§ **Required work**: Retype exactly the lines below, starting with the line that contains "A single leg" and ending with the last line; leave out any pictures.

§ **Supplied data**:
↓↓↓
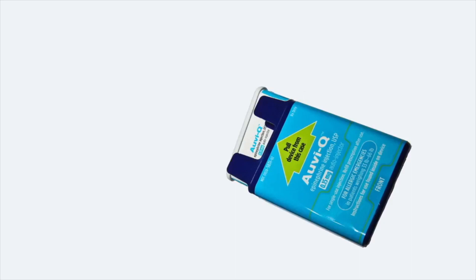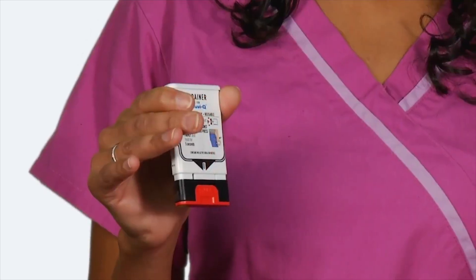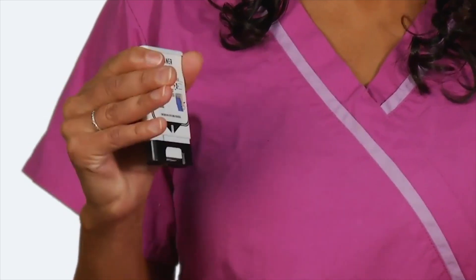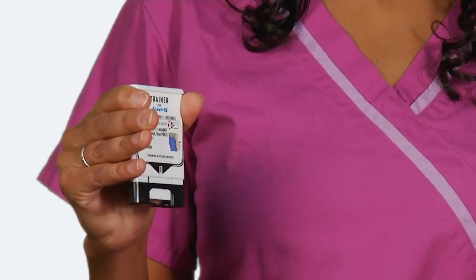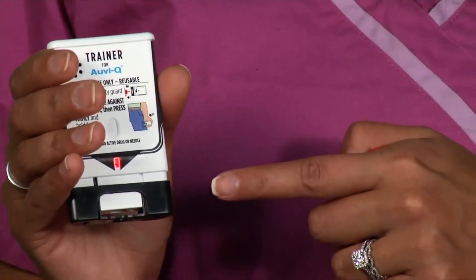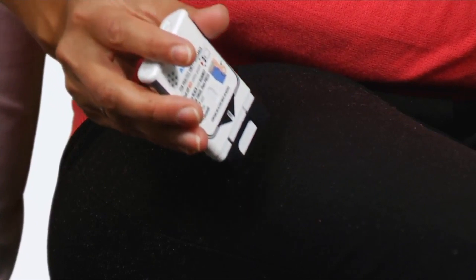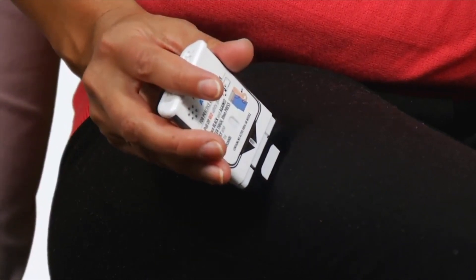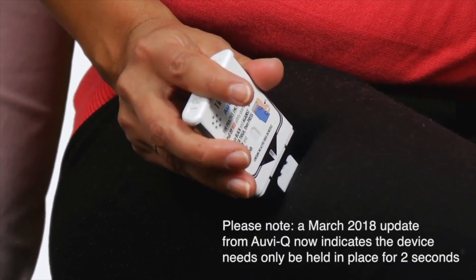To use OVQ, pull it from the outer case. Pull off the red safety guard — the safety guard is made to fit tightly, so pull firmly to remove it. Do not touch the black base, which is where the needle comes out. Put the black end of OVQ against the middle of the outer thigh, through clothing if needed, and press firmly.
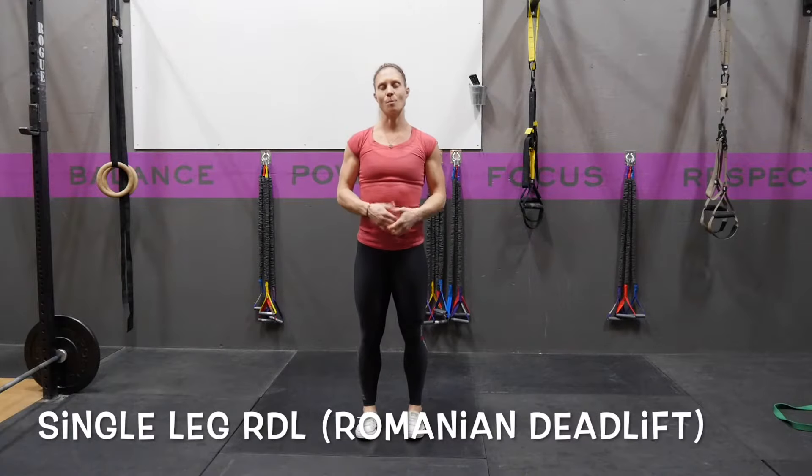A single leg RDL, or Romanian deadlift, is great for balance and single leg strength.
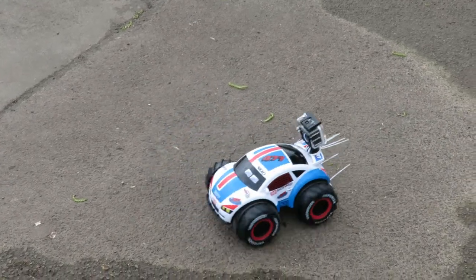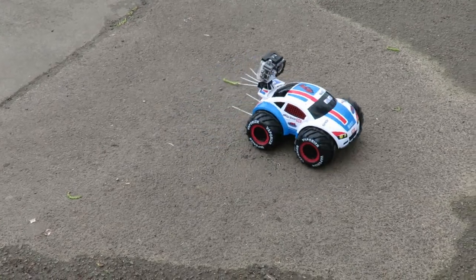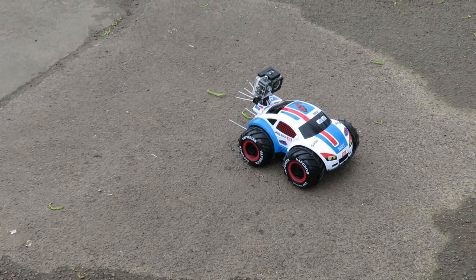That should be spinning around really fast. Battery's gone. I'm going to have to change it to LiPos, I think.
↑↑↑
§ **The completed task**:
A single leg RDL, or Romanian deadlift, is great for balance and single leg strength.
That should be spinning around really fast. Battery's gone. I'm going to have to change it to LiPos, I think.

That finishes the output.